The Smart Techie was renamed Siliconindia India Edition starting Feb 2012 to continue the nearly two decade track record of excellence of our US edition.

June - 2004 - issue > Cover Feature

Information Security - An Issue for the Boardroom

Ratinder Paul Singh Ahuja
Monday, May 31, 2004
Ratinder Paul Singh Ahuja
In the last six months alone, major companies including Microsoft, Wells Fargo, BJ’s Wholesale Stores and, most recently, Cisco Systems, have had to deal with the growing costs of information security exposures. From intellectual property leaks to the incredible cases of identity theft, the costs and risks of these crimes are growing exponentially. The U.S. Federal Trade Commission estimates that identity theft costs U.S. consumers $5 billion and U.S. companies a whopping $48 billion. The U.S. Chamber of Commerce estimated that the Fortune 1000 lost $49 billion in intellectual property disclosures in 2003. In order to protect themselves and survive, companies must rapidly adopt what we in the security industry see evolving into a paradigm shift toward the adoption of emerging information security technologies. These technologies are information focused rather than network focused and can see for the first time, what information is leaving the company’s perimeter; rather than looking for attackers coming in.

Surprisingly, this adoption will not be pushed by technologists, although technologists will make the critical decisions about what products hitting the marketplace earn best-of-breed status. The adoption will be pushed by the Board of Directors, CEOs, and CFOs of publicly-traded companies who will make information security issues an inherent component of a company’s corporate governance policy.

The laundry list of regulations including but not limited to Gramm-Leach-Bliley Act, the Sarbanes-Oxley Act, the Health Insurance Portability and Accountability Act (HIPAA) and the California’s Database Protection Act of 2003 will force CEOs and Boards to adopt new information security technologies sooner than planned to protect the critical information exposures that directly affect not only a company’s bottom line; but also their customers and shareholders as well.

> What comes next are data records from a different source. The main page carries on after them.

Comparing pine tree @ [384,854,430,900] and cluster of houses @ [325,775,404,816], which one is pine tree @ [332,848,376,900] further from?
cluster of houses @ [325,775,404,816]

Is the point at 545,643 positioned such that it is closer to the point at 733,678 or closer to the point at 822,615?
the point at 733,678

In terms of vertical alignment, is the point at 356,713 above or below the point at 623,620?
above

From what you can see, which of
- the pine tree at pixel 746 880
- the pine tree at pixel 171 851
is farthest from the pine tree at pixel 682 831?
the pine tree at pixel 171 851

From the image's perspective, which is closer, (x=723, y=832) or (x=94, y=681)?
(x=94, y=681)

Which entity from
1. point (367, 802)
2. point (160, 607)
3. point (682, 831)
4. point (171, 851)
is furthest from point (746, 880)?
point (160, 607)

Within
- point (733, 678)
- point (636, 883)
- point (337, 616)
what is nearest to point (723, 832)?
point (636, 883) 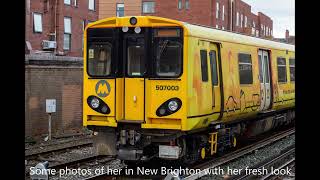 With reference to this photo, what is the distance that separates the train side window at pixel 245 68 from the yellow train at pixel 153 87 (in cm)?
111

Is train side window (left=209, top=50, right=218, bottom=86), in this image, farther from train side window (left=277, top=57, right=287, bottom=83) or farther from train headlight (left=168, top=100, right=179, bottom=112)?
train side window (left=277, top=57, right=287, bottom=83)

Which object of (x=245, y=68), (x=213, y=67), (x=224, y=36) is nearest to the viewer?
(x=213, y=67)

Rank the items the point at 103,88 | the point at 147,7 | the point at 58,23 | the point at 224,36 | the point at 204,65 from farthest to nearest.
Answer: the point at 147,7 → the point at 58,23 → the point at 224,36 → the point at 204,65 → the point at 103,88

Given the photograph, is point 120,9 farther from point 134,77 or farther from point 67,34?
point 134,77

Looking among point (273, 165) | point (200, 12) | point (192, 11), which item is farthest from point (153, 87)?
point (192, 11)

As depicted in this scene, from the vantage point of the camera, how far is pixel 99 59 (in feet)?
30.7

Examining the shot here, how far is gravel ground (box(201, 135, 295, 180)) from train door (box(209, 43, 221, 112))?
4.20 feet

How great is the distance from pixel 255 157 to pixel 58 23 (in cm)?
1961

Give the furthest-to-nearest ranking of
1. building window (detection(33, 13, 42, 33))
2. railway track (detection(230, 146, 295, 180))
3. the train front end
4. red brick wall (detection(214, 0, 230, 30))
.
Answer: red brick wall (detection(214, 0, 230, 30))
building window (detection(33, 13, 42, 33))
railway track (detection(230, 146, 295, 180))
the train front end

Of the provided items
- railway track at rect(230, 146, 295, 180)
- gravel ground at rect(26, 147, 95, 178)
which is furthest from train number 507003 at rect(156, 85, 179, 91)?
gravel ground at rect(26, 147, 95, 178)

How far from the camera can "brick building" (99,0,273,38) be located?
45656 mm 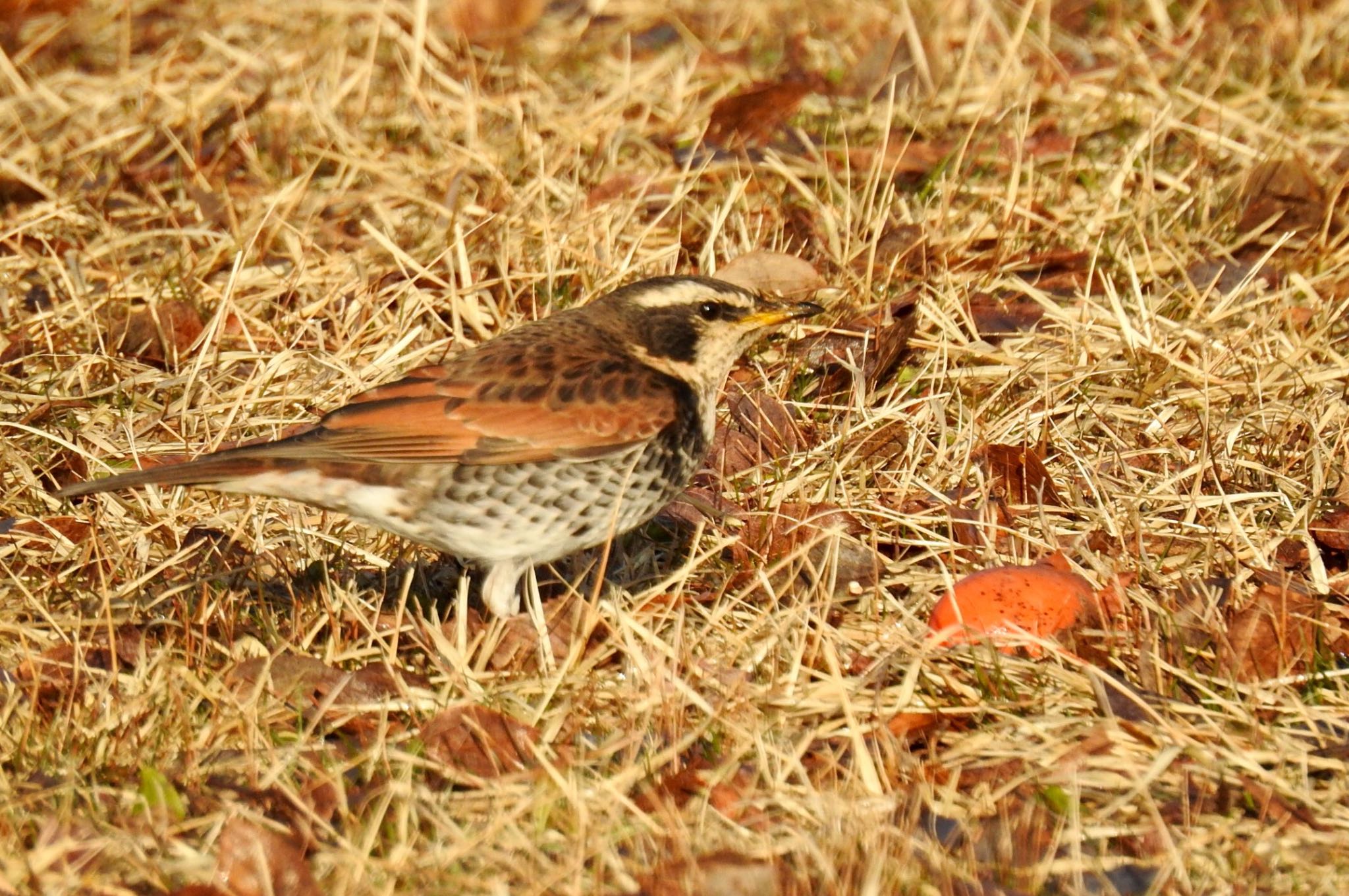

The list of regulations are creating what many of us in the security industry have been calling “the perfect storm” for CEOs and the Boards of more than 12,000 publicly-traded U.S. companies. As costs continue to rise over time—primarily due to litigation costs and the financial impacts of lost intellectual property and every day—the risk of a breach continues to skyrocket as the connected nature of electronic business grows. Today, entire industries are networked in complex supply chains, corporate networks, and offshore development. Ironically, the infrastructure that has enabled companies to communicate electronically for the past 20 years also represents one of the most significant threats to their success. Now more than ever, corporate leaders need to personally address critical security issues within their companies, because when compromised, the end result is a negative impact on a company’s brand, competitive advantage, public trust, company reputation, and shareholder equity. Companies simply can’t allow these things to impact their bottom lines.

Therefore, CEOs and Boards must begin to understand the capabilities of new emerging information security technologies which actually have the ability to focus on the information flowing within the corporation. I call this information the “intangible assets” that are so valuable to a company that we often do not see or even know if they have been sent out the back door. The protection of these assets has gone unnoticed for too long. From intellectual property, trade secrets, financial reporting information and competitive pricing to IPO or M&A information, these are the intangible assets that once leaked, prematurely diminish the market cap and eat away at shareholder equity.